» Supplied entries:
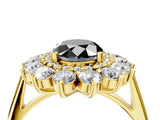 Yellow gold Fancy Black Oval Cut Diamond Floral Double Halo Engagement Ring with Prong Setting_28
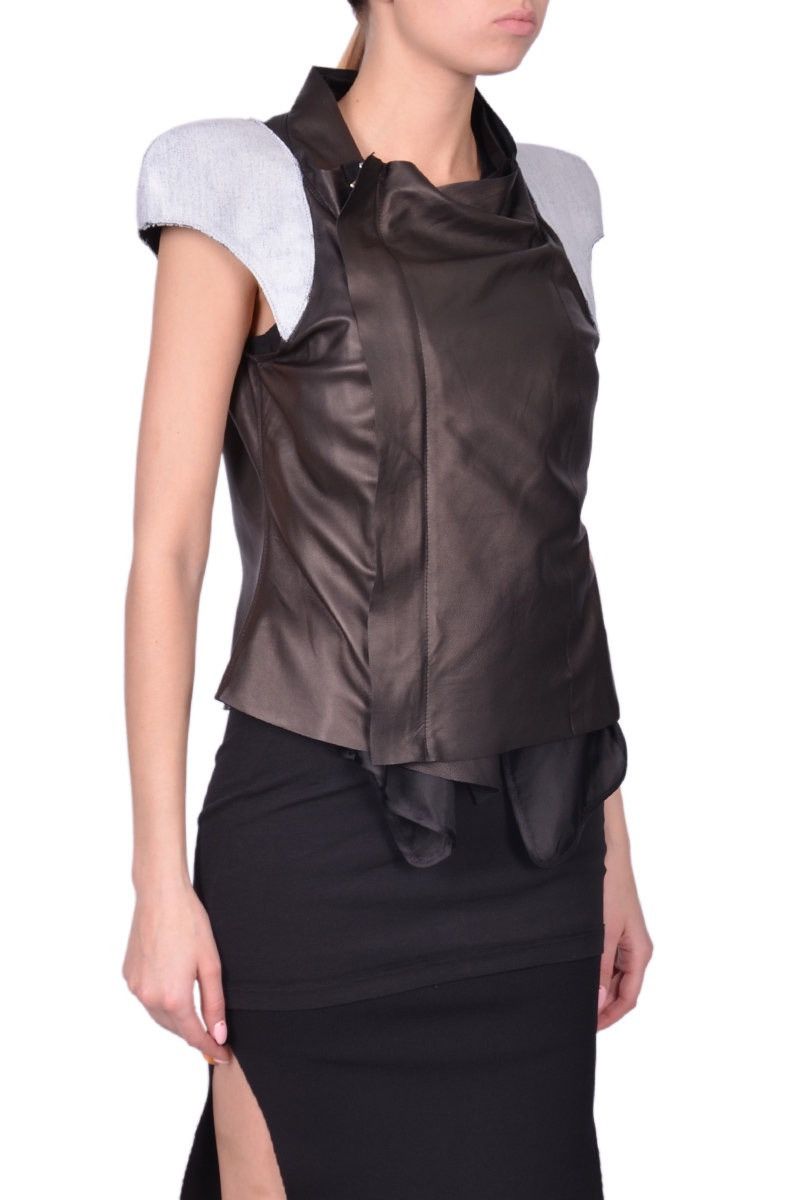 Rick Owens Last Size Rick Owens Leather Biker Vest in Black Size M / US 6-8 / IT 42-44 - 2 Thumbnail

* * *

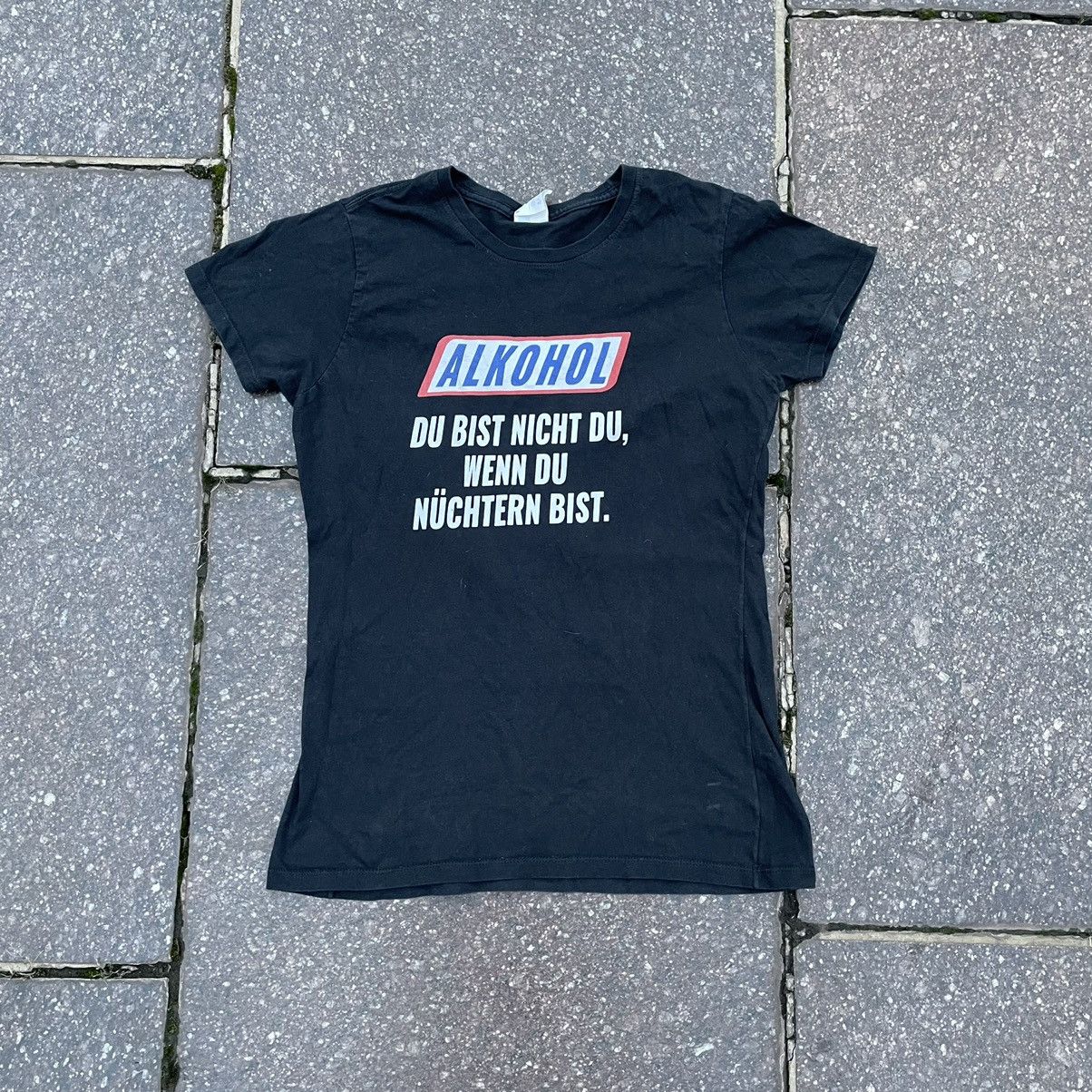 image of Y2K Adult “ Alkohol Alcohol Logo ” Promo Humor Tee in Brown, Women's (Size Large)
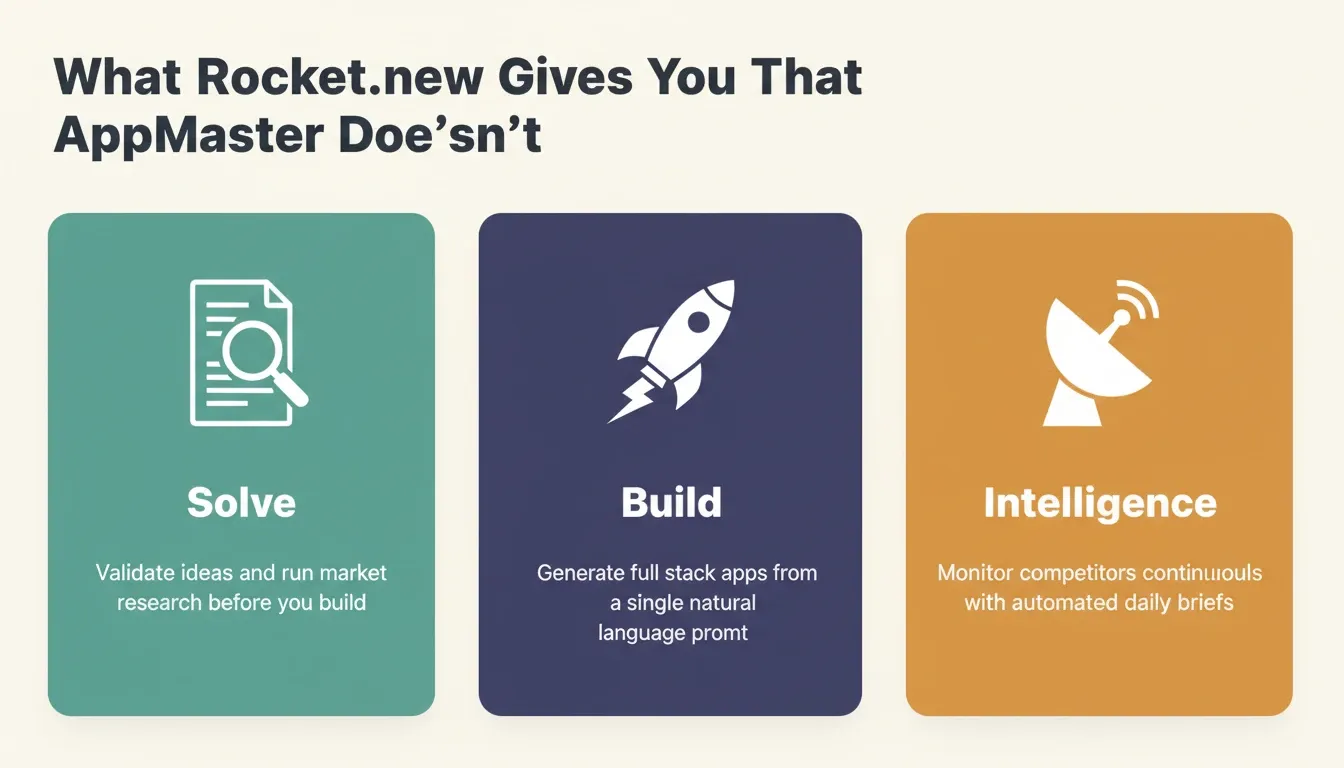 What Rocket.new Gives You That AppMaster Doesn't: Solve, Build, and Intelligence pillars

---

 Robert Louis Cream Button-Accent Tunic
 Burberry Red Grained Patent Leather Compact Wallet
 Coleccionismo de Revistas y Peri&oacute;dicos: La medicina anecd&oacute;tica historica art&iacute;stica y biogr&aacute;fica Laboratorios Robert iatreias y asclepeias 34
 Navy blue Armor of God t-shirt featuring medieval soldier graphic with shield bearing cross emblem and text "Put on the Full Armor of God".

» Work to complete: The lines to return are those in the entries above that hold "Robert".

» Result of the exercise:
 Robert Louis Cream Button-Accent Tunic
 Coleccionismo de Revistas y Peri&oacute;dicos: La medicina anecd&oacute;tica historica art&iacute;stica y biogr&aacute;fica Laboratorios Robert iatreias y asclepeias 34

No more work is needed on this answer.